Up and to the office, where we sat all the morning, at noon to the ’Change, and there met by appointment with Captain Poyntz, who hath some place, or title to a place, belonging to gameing, and so I discoursed with him about the business of our improving of the Lotterys, to the King’s benefit, and that of the Fishery, and had some light from him in the business, and shall, he says, have more in writing from him. So home to dinner and then abroad to the Fishing Committee at Fishmongers’ Hall, and there sat and did some business considerable, and so up and home, and there late at my office doing much business, and I find with great delight that I am come to my good temper of business again. God continue me in it. So home to supper, it being washing day, and to bed.


25 Annotations

First Reading

Australian Susan  •  Link

Quite surprising he got proper dinner at home on washing day - must have been some really good household organising going on. (and it must have been a proper dinner or we would have heard about it)
Hmm. Improving the Lotteries for the benefit of Government. Maybe also a teeny-weeny bit will come Sam's way as well? And today, he has decided to give up the vacillating Jane it seems and stick to business and home. Wonder how long that will last!

cape henry  •  Link

"...and had some light from him in the business..." One of Pepys' most admirable traits is his willingness listen to the ideas of others and to evaluate them in a generally fair-minded way. On the other hand, I suspect that A. Susan is right about the possibility of a background motive in this instance.

Terry F  •  Link

"Hmm. Improving the Lotteries for the benefit of Government. Maybe also a teeny-weeny bit will come Sam's way as well?"
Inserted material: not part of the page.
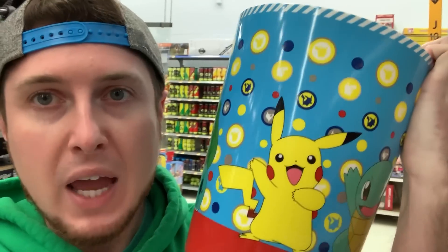Hey, what is up everybody! I'm here in Walmart because today we are going to try to find the brand new Pokemon Mystery Power Boxes. I got to show you something before we start looking — I found a Pokemon trash bin and I'm going to get it. Whenever I see something Pokemon, I gotta buy it. Let's head up to the card section and see if we can find those mystery power boxes.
Probably not, Aussie Sue: this is for King and creds, not cash.

The first discussion of the lotteries for fund-raising was at the first action-meeting of the the Fishery Committee a week ago (13 September)
http://www.pepysdiary.com/diary/1… "a Committee for the Fishery,[formed 8 days prior, 5 September] the Duke of Yorke...was made Secretary [and] I was willing to be [a member], because I would have my hand in the business, to understand it and be known in doing something in it; " http://www.pepysdiary.com/diary/1…

jeannine  •  Link

From Sam to Lord Sandwich (from "Further Correspondence of Samuel Pepys" edited by Tanner)

20 September, 1664

The wind continuing for some days N.E., has hindered our Guinny ships from falling down, which (had the Dutch fleet been ready) might have been of sound advantage to them, but they are not nor like to be (as 'tis said) in some days. 'Tis discoursed also as if they were now less keep upon 't than they were, and talk of new treaties, nay, wagers I heard offered this day upon the 'Change that no Dutch fleet shall attempt to pass the Channel this 3 weeks (meaning towards Guinny), the ground of which presumption I understand not, but do wish (as well prepared as we would have our ships and stores thought to be ) that a tolerable offer of accommodation from the Dutch be the worst news we hear of these 12 months......

Terry F  •  Link

Well, of course, rereading, "I would have my hand in the business" might have more than one meaning; but with the Duke close at hand, I doubt SP will be raking it in off the top.

Robert Gertz  •  Link

Creed who follows none.
Christmas whose girth fits him.
Bland who maintains countenance.
Batten who is rather too open in solicting merchants' favors.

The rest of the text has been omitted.